* [Work item] Only the lines below between the one holding "210806商品缩略图" and the one holding "Restore The Roar Champion Sweatshirt Hoodie", inclusive, are to be reproduced word for word; the pictures are to be left out.

* [Supplied information]
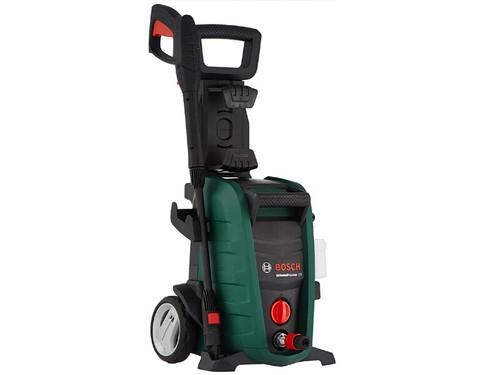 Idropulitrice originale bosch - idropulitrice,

* * *

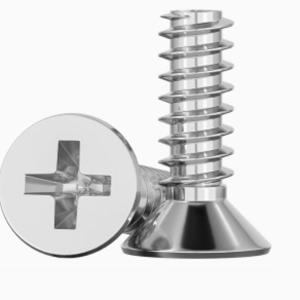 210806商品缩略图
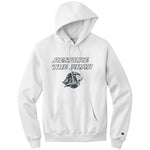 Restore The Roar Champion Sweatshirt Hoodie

* [Response area]
 210806商品缩略图
 Restore The Roar Champion Sweatshirt Hoodie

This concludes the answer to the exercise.